John Espinoza was a police officer for the City of Imperial, California. When the City began to have concerns about Espinoza’s fitness for duty, it ordered him to undergo an examination by a psychologist, Ira Grossman. After examining Espinoza, Grossman gave the opinion that Espinoza was not fit for duty and that he lacked integrity.

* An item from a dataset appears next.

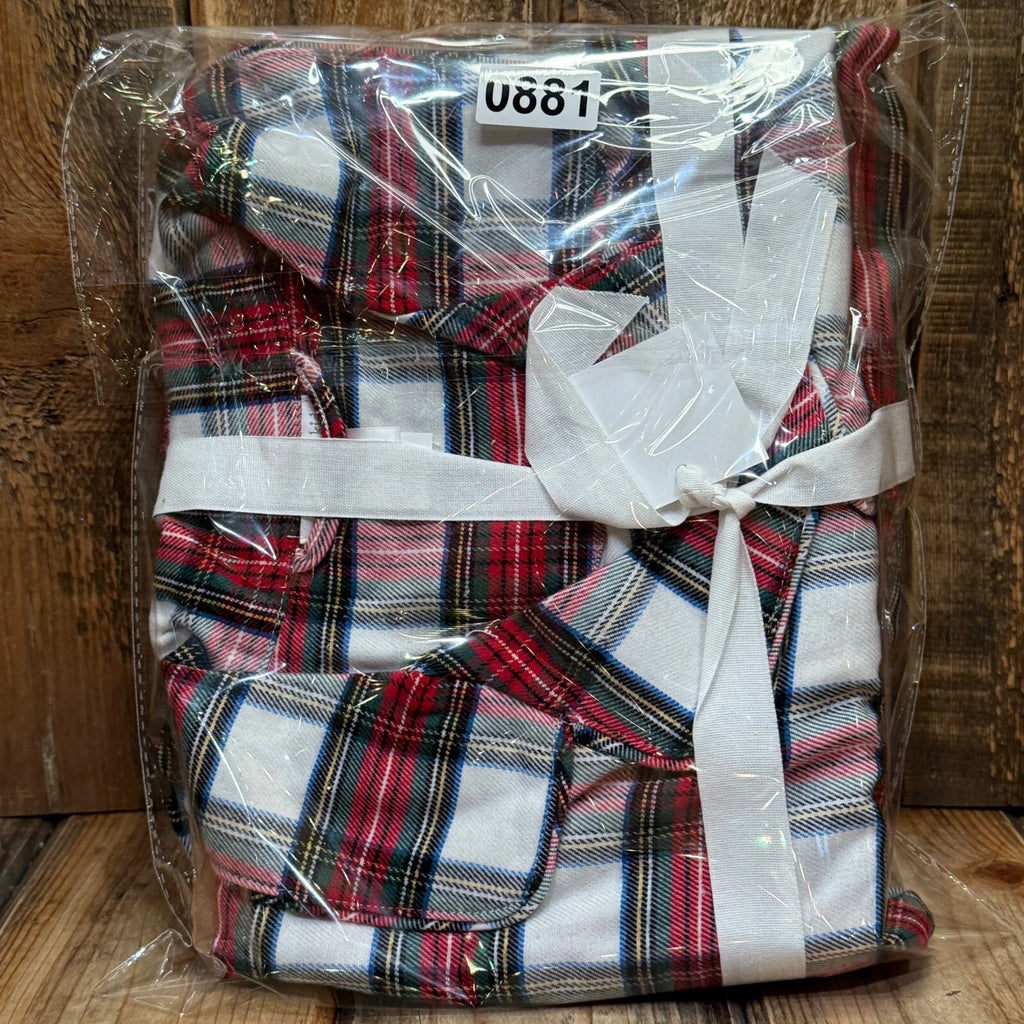 POTTERY BARN KIDS ADULT STEWART PLAID FLANNEL PAJAMA SET, SIZE LARGE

Espinoza sued both Grossman and the City. The portion of the lawsuit dealing with Grossman alleged that Grossman’s opinion constituted defamation of character and amounted to the “tort” of intentional infliction of emotional distress.
A federal court not only dismissed Espinoza’s complaint against Grossman, but also required Espinoza to pay Grossman’s attorney’s fees. The case was decided under California’s “Anti-SLAPP” statute, which provides a method for the early dismissal of lawsuits that are perceived as being aimed at deterring “public participation.” Under California’s Anti-SLAPP statute, an individual cannot be sued for statements he or she has made if the statements (1) were made before a legislative, executive, or judicial proceeding, or in any other official proceeding authorized by law; or (2) made in connection with an issue under consideration of review by a legislative or judicial body, or any other official proceeding authorized by law.

The Court found that the fitness-for-duty evaluation arose “from protected activity associated with an administrative proceeding and is properly construed as communications within the scope of Anti-SLAPP protections, irrespective of whether the statements were false. Espinoza has not demonstrated a probability of prevailing on any of his claims against Grossman. He has not shown how the psychologist’s professional assessment he was unfit to continue working as a police officer is ‘provably false,’ as would be required to prevail on his defamation claim.”

Under California’s Anti-SLAPP statute, a defendant who brings his successful motion to strike a complaint is entitled to attorney’s fees. The Court thus ruled that “Grossman is entitled on that basis to recover his attorney’s fees and costs. He shall proceed to substantiate the appropriate amount of his entitled recovery.”

Espinoza v. City of Imperial, 2008 WL 2397430 (S.D.Cal. 2008).